Fatih haber,Haber fatih,Fatih Yaşam,Fatih aktuel ,Haber
Seçmenler otoriter bir lidere Hayır dedi yorumu yapılan Economistin başyazısı şu satırlarla başlıyor:
Yüzde 40tan fazla oy almış birisinin kendisini mağlup hissetmesi nadir görülür. Ancak Türkiyede 7 Haziranda yapılan genel seçimin ardından AKP ile onun karizmatik ve endişe verici otokratik kurucusu Recep Tayyip Erdoğan için durum tam da bu.
Dergi Cumhurbaşkanı Erdoğanın devletin başı olarak partiler üstü konumlanması gerekirken, Ak Partinin anayasayı değiştirecek bir çoğunluk elde etmesi için kampanya yürüttüğünü belirtiyor.
AK Parti oylarının yüzde 50den yüzde 40,9a gerilediğini ve partinin Meclisteki çoğunluğunu kaybettiğini hatırlatan Economistteki yazı şöyle devam ediyor:
Türkler açık bir şekilde Sayın Erdoğanın daha güçlü bir Başkan olma istediğini reddetti. Türklerin çoğu artık Erdoğanın mezhepçi Sünni üslubunu, muhalefete karşı hoşgörüsüz tavrını sevmiyor. Sayın Erdoğanın 12 yıllık iktidarı sonrası onun yönetimi ile özdeşleşen yolsuzluklardan da rahatsız.

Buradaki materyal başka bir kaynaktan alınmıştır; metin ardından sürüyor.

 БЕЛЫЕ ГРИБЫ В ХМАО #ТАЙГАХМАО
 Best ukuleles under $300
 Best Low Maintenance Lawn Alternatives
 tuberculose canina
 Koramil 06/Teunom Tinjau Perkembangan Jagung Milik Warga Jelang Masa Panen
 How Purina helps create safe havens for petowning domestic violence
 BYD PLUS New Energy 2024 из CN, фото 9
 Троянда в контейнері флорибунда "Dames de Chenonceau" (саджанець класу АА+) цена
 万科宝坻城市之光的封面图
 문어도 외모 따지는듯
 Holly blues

Economist, yeni hükümet ile ilgili olarak büyük bir belirsizliğe yol açmış olmasına karşın, seçimin sonucundan memnun.
Zira dergiye göre Erdoğan seçmeni, icra yetkisi daha güçlü bir Başkan olmasına ikna etseydi, Türk demokrasisinin geleceği riske girecekti.

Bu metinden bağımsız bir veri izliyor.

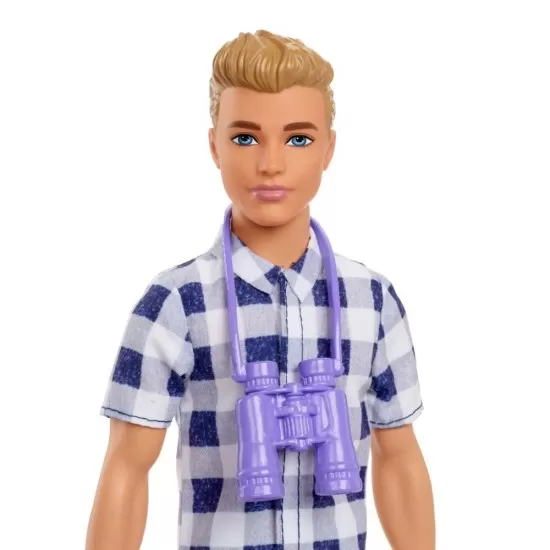 Papusa Barbie Ken la picnic Papusa Barbie Ken la picnic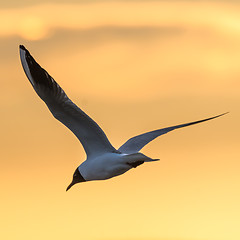 Image showing Elegant Black headed Gull by a colored sky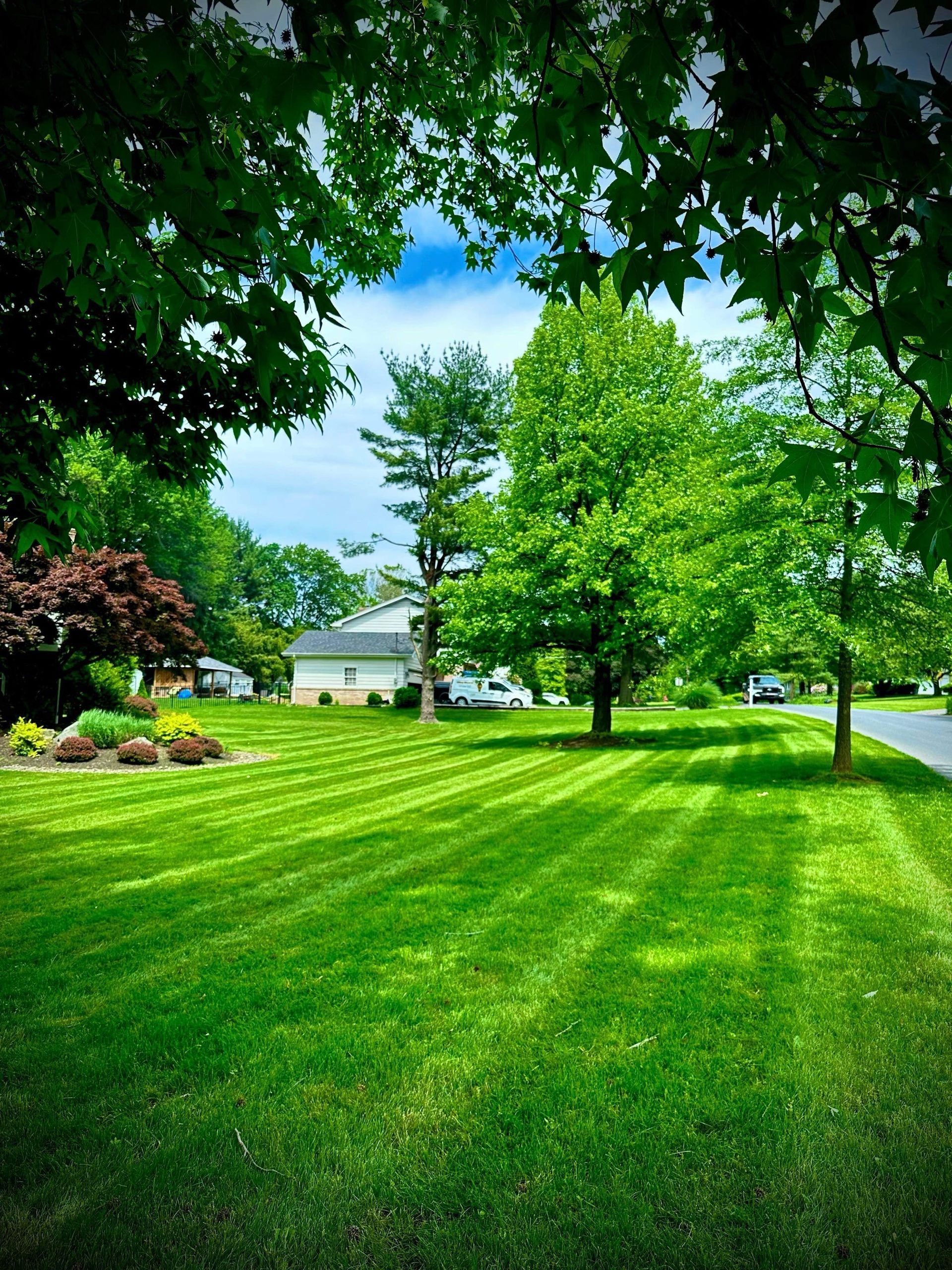 An aerial view of a man kneeling on the grass in a garden.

GÜL İTİBARLI BİR SİYASETÇİ
Dergi başyazısında Erdoğana ve AK Partiye bir çağrıda bulunuyor:
Sayın Erdoğan için doğru yol, geri çekilmesi ve anayasanın öngördüğü gibi apolitik bir Cumhurbaşkanı olmasıdır. Partisinin de, onunla yakın bağları olmayan ve onun monarşik heveslerinden uzak olan yeni liderlere ihtiyacı var.Muhalefetin etkisizliği nedeniyle Türkiyede bir süre daha değişim muhtemelen AK Partinin içinden gelecek gibi görünüyor. AK Partinin önde gelen birçok ismi, ki bunların arasında Cumhurbaşkanının selefi Abdullah Gül de var, sayın Erdoğanın kutuplaştırıcı tarzını ve ororiter çizgisini sevmediklerini net bir şekilde söylüyor. Aslında AK Partinin kurucularından biri ve eski bir Başbakan olarak Sayın Gül, Sayın Erdoğanın karşısında duracak itibara sahiptir ve yeniden mükemmel bir Başbakan adayı olabilir.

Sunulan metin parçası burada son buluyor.